The maddening thing about all this is the spread of freedom and the rule of law have long been the EU's vocation. Spain, Portugal and Greece are members of the European club because the others wanted to solidify their emergence from authoritarianism. Enlargement to the east has served that purpose in the former Soviet space. Negotiations with Turkey are to the same end. The Union uses aid, trade and economic agreements to promote human rights and good governance in every corner of the globe. As Mark Leonard of the Centre for European Reform sets out in a new book*, Europe's transformative power within and beyond the continent's borders is often underestimated.

So why do so many of its leaders recoil from the language of democracy? Why do they seem so anxious to cuddle up to Mr Putin as he tightens the authoritarian screw in Russia and to lift the embargo on arms sales to China? The opening paragraphs of the EU's new constitutional treaty speak of "respect for human dignity, freedom, democracy, equality and the rule of law". Nothing there about the primacy of stability.

Of course, there is a place for realism. Mr Bush acknowledged as much. Iraq, even after last month's elections, remains potent testimony to the hazards of seeking to impose democracy at the point of a gun. Spreading freedom in the Middle East does not mean the region must first be reduced to armed chaos.

There are powerful and legitimate arguments, too, against the manner of Mr Bush's mission.

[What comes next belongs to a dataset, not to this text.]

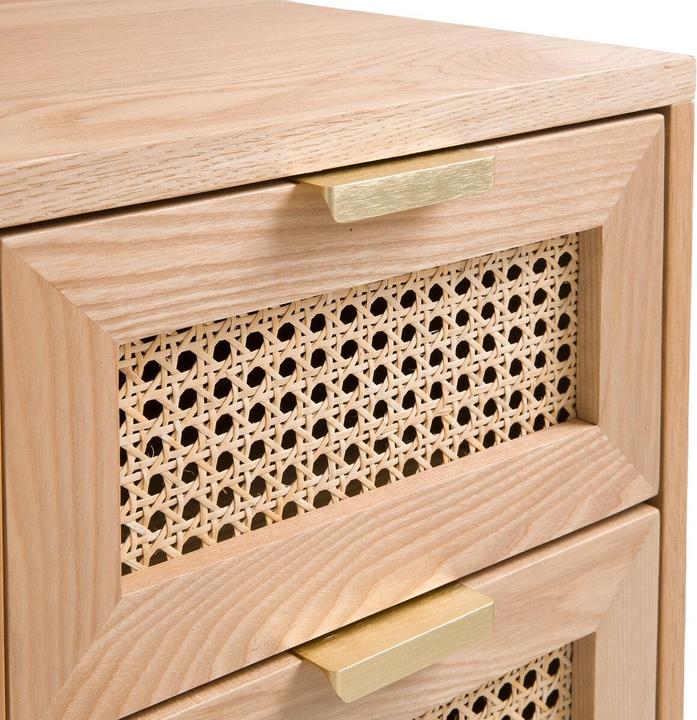 Actual product image So'home Loris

This week I heard senior US officials place the president's ambitions in the distinguished tradition of Woodrow Wilson and Franklin Roosevelt. But there is a vital difference. Those two leaders sought to realise their goals through the extension into the international arena of the US attachment to the rule of law. Mr Bush has forgotten that modern multilateralism was made in America.

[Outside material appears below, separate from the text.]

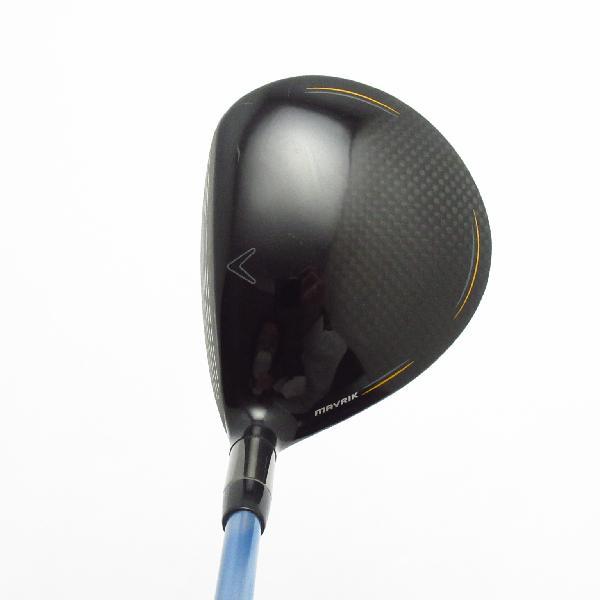 Callaway（キャロウェイ） キャロウェイゴルフ MAVRIK マーベリック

For all that, a glance around the world should tell Europe's leaders that they can no longer worship at the altar of stability. Press them hard enough and they will admit that the spread of democracy and freedom is indeed the best guarantor of our security. That means soft power must sometimes be given a hard edge. Too many in Europe have surrendered idealism to a dislike of Mr Bush. The time has come to reclaim the Statue of Liberty.